How to Organize and Describe Data and Code?

As reasoned in the introduction and the architecture of the DataHub and in line with the TAM Policy, some conventions are made to advance towards "FAIR" data and to achieve more sustainable and reproducible science. Key aspects are: - Describing data with rich metadata, ideally using standardized schemata (like BIDS). - Applying (domain-) standards to organize data and code (like BIDS). - Aggregating or linking research products and everything needed to reproduce them into modular / self-contained units. - Using open and wide-spread file formats whenever possible.

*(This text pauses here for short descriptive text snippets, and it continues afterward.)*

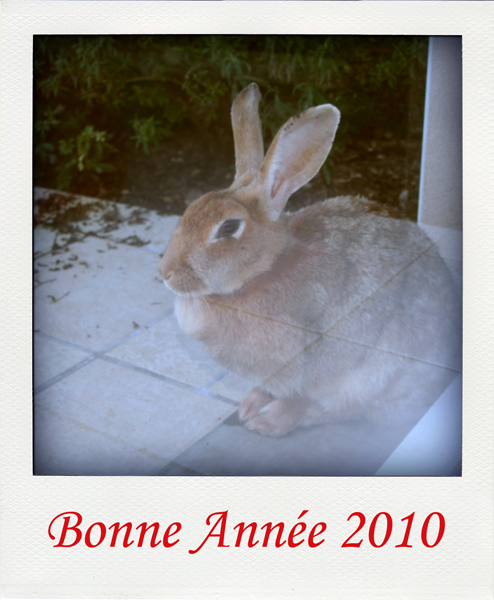 Bonne Annee 2010 Bonne Anée 2010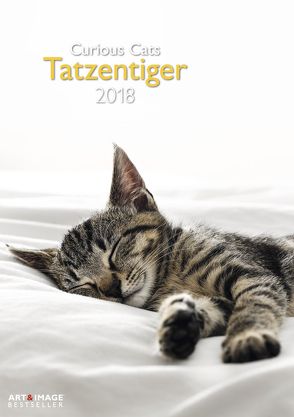 Tatzentiger 2018 A&I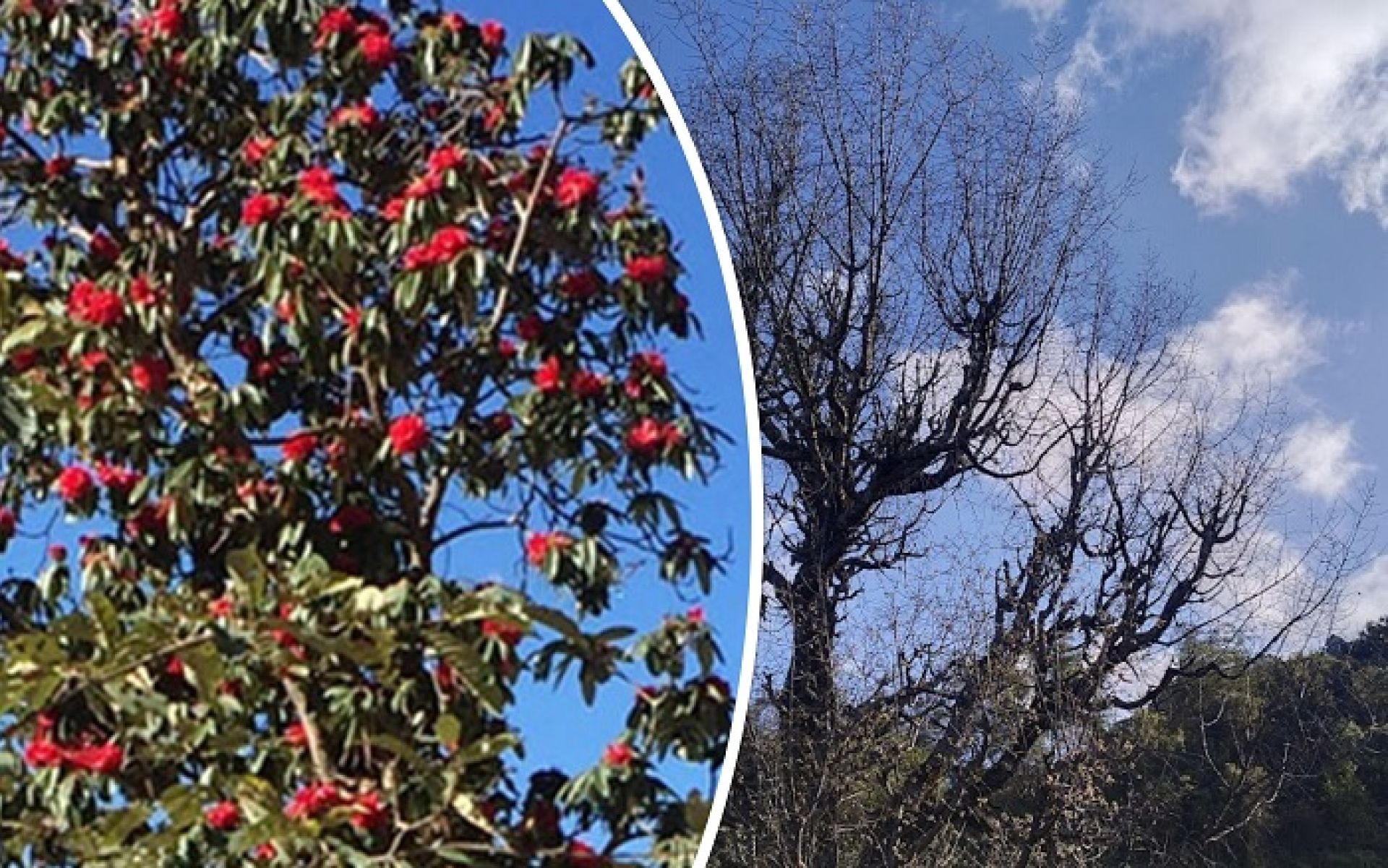 जलवायु परिवर्तनको असरः समय अगावै फुल्दै गुराँस, हराउँदै पैयुँ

These things are usually not easy to solve and often common principles have to be tailored / integrated to satisfy the needs of a specific project. You are very welcome to contact your local Data Stewards to find custom solutions for your project.

Brain Imaging Data Structure (BIDS)

Concerning data organization and annotation, the TAM Policy states to use the BIDS standard (see BIDS Starter Kit) whenever possible and as early as reasonable in the succession of data processing. While BIDS started out as a standard in neuro-imaging, it supports more and more modalities by adding extensions.

On the one hand, BIDS provides fixed conventions how to organize data according to processing state, data subjects, sessions and modalities. It describes how detailed metadata can be included in a way that is actionable to both humans and machines. This creates the ground on which standardized code / software can be developed and uses by everyone and reduces the need for adaptations. On the other hand, its common principles and modality agnostic files are flexible enough to include rich custom meta-data on various levels.

But also if there is not yet an extension (or just an extension proposal) for a specific modality, BIDS bases on well-founded common principles which are at least worth taking a look at, if you are designing your data organization. You can always organize and annotate your data in a "bidsy" way, even if there is no specification for your data type, yet. Your local Data Stewards are happy to give you an introduction to BIDS as it became very comprehensive over the last years and the start can be a bit overwhelming.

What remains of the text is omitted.